The successful candidate will collaborate with cross-functional teams-including data scientists, engineers, and business stakeholders-to integrate AI solutions into real-world applications that support operational efficiency, customer service, and sustainability initiatives.
Key Responsibilities
  • AI Model Development: Design and implement machine learning models and algorithms to address utility-specific challenges such as grid optimization, asset reliability, predictive maintenance, and customer analytics.
  • Data Analysis: Analyze large, complex datasets from SCADA, AMI, and IoT systems to extract actionable insights.
  • Model Training & Evaluation: Train, test, and validate AI models to ensure accuracy, scalability, and compliance with industry reliability standards.
  • Deployment & Integration: Deploy AI solutions into production systems and integrate with enterprise platforms (e.g., Azure, Maximo, EMS/DMS systems).
  • Innovation: Stay current with the latest advancements in AI/ML and recommend solutions that can enhance grid resilience, safety, and efficiency.
  • Collaboration: Partner with engineering, IT, and business units to define requirements and deliver business-aligned AI solutions.
  • Performance Monitoring: Continuously monitor AI models and refine as needed to maintain performance and compliance.
  • Documentation & Knowledge Sharing: Create clear documentation of models, workflows, and processes for reuse and compliance.
Qualifications
Education:
  • Bachelor's or Master's degree in Computer Science, Data Science, Engineering, Mathematics, or a related field.
Experience:
  • 5-10 years of experience in AI, ML, or data science roles, with proven success in AI model development and deployment.
  • Industry experience in utilities, energy, or large-scale infrastructure data is preferred.
Technical Skills:
  • Proficiency in Python, R, or Java.
  • Experience with ML frameworks: TensorFlow, PyTorch, scikit-learn.
  • Strong grasp of data structures, algorithms, and applied statistics.
  • Familiarity with cloud platforms such as Azure ML and Azure Databricks (preferred), AWS or Google Cloud (a plus).
  • Experience with big data tools (e.g., Spark, Hadoop) is desirable.
  • Exposure to natural language processing (NLP) or computer vision a plus.
Soft Skills:
  • Strong analytical and problem-solving abilities.

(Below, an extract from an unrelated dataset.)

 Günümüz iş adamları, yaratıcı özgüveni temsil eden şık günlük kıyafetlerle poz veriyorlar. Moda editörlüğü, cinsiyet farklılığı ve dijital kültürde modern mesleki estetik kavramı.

  • Excellent communication skills for cross-functional collaboration.
  • Ability to work independently and manage multiple projects simultaneously.
  • Experience working in agile or iterative development environments.
Preferred Qualifications
  • Lighting up AI/ML use cases in the utility/energy sector (e.g., outage prediction, DERMS optimization, vegetation management analytics).
  • Certifications in AI/ML, data science, or cloud platforms (Azure, AWS, GCP).
  • Experience with MLOps pipelines and CI/CD integration for model deployment.